Source data
::::::::::
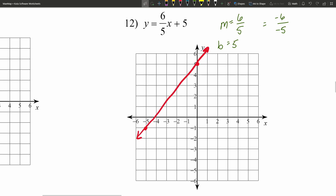And there we have it — that's how you graph slope-intercept form. If you have any questions, please feel free to leave them in the comments below. Remember the worksheet is also linked below. As always, don't forget to like, subscribe, and share. Happy learning!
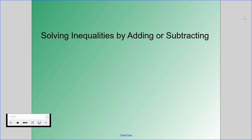Welcome back. Today we are going to be discussing how to solve inequalities by using adding or subtracting, and then in the same video we're going to be talking about how to solve inequalities by using multiplication and division. These are sections 2.2 and 2.3 within your textbook about solving inequalities by using one-step equations. We're going to combine these today because they're very similar to each other. Let's begin.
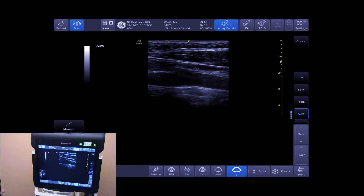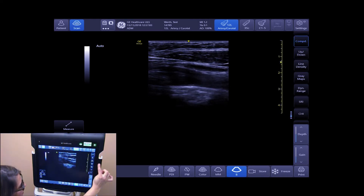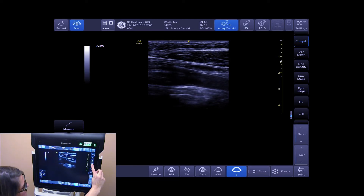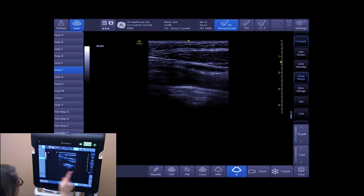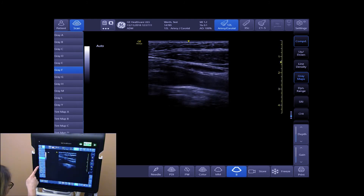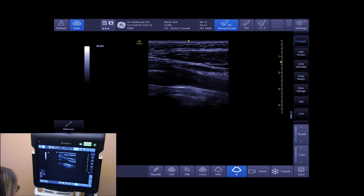To adjust your gray maps, slide on the sidebar menu, select gray maps, and adjust your gray maps as needed. Your gray maps will display your B-Mode image in different shades of gray.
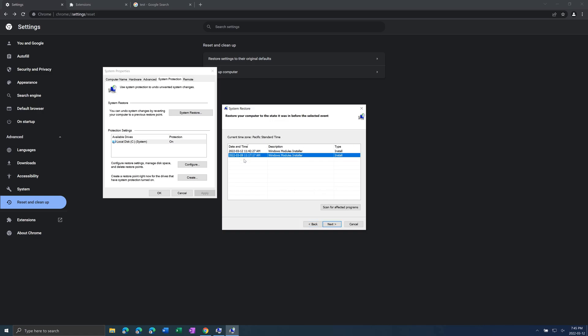I only have three days ago but it might be farther back, and you can also do scan for affected programs to see what will get removed.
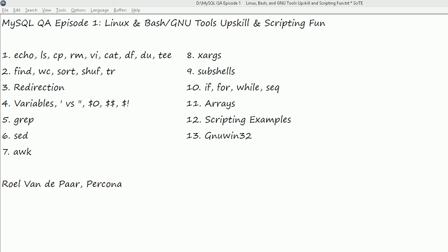Hello, welcome to the MySQL QA series, episode number one. Here we will see more about Linux and Bash, GNU tools, scripting, all sorts of fun.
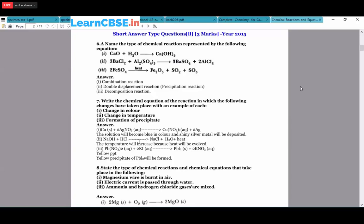For change in temperature: NaOH + HCl → NaCl + H₂O + heat. NaOH is a base and HCl is an acid; when they react, salt and water are produced along with heat. This is an exothermic reaction and also called a neutralization reaction. For formation of precipitation: Pb(NO₃)₂ + 2KI → PbI₂ + 2KNO₃. The lead iodide is a yellow precipitate, so this is a precipitation reaction.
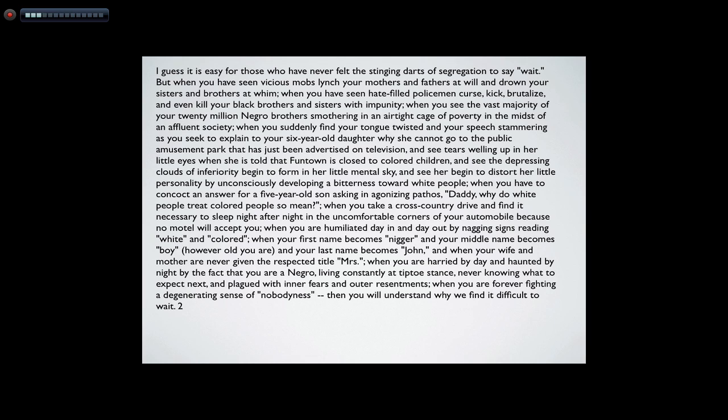"When you have to concoct an answer for a five-year-old son asking in agonizing pathos, 'Daddy, why do white people treat colored people so mean?' When you take a cross-country drive and find it necessary to sleep night after night in the uncomfortable corners of your automobile because no motel will accept you, when you are humiliated day in and day out by nagging signs reading 'White' and 'Colored,' when your first name becomes 'nigger' and your middle name becomes 'boy,' however old you are, and your last name becomes 'John,' and when your wife and mother are never given the respected title Mrs., when you are harried by day and haunted by night by the fact that you are a Negro, living constantly at tiptoe stance, never knowing what to expect next, and plagued with inner fears and outer resentments, when you are forever fighting a degenerating sense of nobodiness — then you will understand why we find it difficult to wait."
::::::::::
Exercise prompt: Write out the lines from the line with "Hello, welcome to" through the end of the records exactly; do not include pictures or any other lines.

Result for this task:
Hello, welcome to the MySQL QA series, episode number one. Here we will see more about Linux and Bash, GNU tools, scripting, all sorts of fun.
For change in temperature: NaOH + HCl → NaCl + H₂O + heat. NaOH is a base and HCl is an acid; when they react, salt and water are produced along with heat. This is an exothermic reaction and also called a neutralization reaction. For formation of precipitation: Pb(NO₃)₂ + 2KI → PbI₂ + 2KNO₃. The lead iodide is a yellow precipitate, so this is a precipitation reaction.
"When you have to concoct an answer for a five-year-old son asking in agonizing pathos, 'Daddy, why do white people treat colored people so mean?' When you take a cross-country drive and find it necessary to sleep night after night in the uncomfortable corners of your automobile because no motel will accept you, when you are humiliated day in and day out by nagging signs reading 'White' and 'Colored,' when your first name becomes 'nigger' and your middle name becomes 'boy,' however old you are, and your last name becomes 'John,' and when your wife and mother are never given the respected title Mrs., when you are harried by day and haunted by night by the fact that you are a Negro, living constantly at tiptoe stance, never knowing what to expect next, and plagued with inner fears and outer resentments, when you are forever fighting a degenerating sense of nobodiness — then you will understand why we find it difficult to wait."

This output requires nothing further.